Estas e outras perguntas estão na base de discussões que têm preenchido páginas de jornais e animado debates nas redes sociais e nos círculos culturais e académicos. Portugal não é excepção. Até porque o problema é de todos, e não apenas de sírios e iraquianos, lembraram dois especialistas que passaram recentemente por Lisboa.

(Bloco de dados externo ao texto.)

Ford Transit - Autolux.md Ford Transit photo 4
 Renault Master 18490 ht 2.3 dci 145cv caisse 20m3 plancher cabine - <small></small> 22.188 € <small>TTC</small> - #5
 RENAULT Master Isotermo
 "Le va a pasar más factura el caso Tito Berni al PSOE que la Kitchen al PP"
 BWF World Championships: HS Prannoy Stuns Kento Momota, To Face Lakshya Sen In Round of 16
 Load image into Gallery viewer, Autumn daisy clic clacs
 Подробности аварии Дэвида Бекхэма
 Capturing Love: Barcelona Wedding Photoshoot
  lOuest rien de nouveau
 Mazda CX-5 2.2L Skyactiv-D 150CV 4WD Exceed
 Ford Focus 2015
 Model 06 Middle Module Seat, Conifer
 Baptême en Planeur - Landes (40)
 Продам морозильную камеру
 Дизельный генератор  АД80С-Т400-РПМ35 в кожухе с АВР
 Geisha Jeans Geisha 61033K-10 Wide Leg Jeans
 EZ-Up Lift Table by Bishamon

Foi na Faculdade de Ciências Sociais e Humanas da Universidade Nova, em Lisboa, que o francês Michel al-Maqdissi, responsável pela Arqueologia na Direcção Geral de Antiguidades e Museus de Damasco até 2011, falou sobre O Património Cultural e a Guerra na Síria. O arqueólogo, que ocupou durante 11 anos um cargo que lhe permitiu estar próximo das principais figuras do regime sírio, não poupa críticas à política cultural do Presidente Bashar al-Assad — “A Síria não tem um bom político que tome uma boa medida para proteger e reabilitar o património. Antes do conflito, o regime usava os monumentos e as antiguidades como propaganda”.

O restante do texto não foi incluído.